- **Task prompt**
In the entries below, the lines from the one with "Jordan Air Mini" through the one with "Calendrier Pologne (Protection)" are to be copied exactly; both ends count.

- **Records provided**
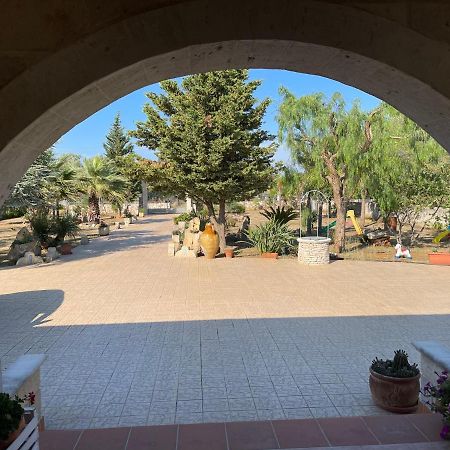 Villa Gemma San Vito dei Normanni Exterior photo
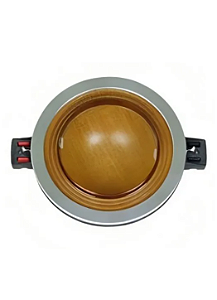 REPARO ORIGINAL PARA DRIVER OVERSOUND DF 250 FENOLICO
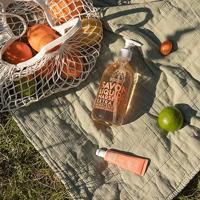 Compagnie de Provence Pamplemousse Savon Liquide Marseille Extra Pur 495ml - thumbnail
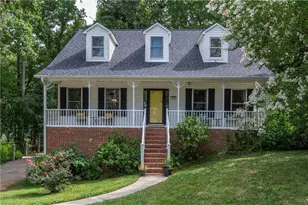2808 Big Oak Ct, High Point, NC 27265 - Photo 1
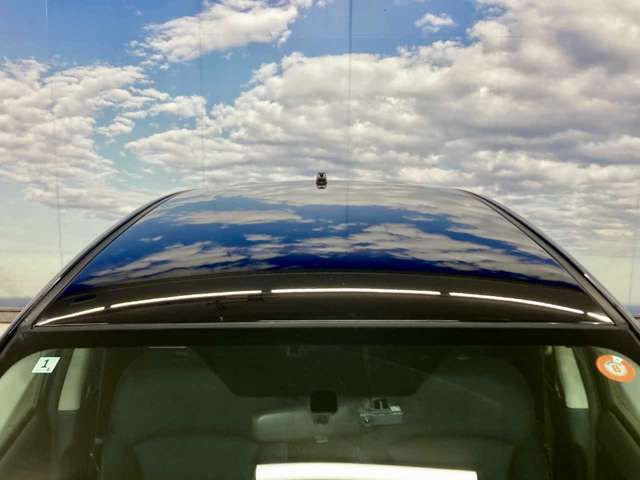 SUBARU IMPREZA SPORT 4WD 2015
* * *
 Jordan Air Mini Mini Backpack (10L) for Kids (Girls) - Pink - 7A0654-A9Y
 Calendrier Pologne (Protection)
--
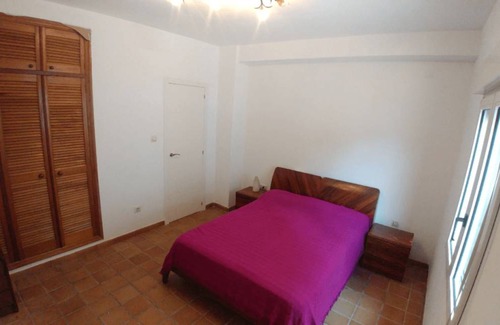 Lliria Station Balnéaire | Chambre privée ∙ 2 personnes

- **Output below**
 Jordan Air Mini Mini Backpack (10L) for Kids (Girls) - Pink - 7A0654-A9Y
 Calendrier Pologne (Protection)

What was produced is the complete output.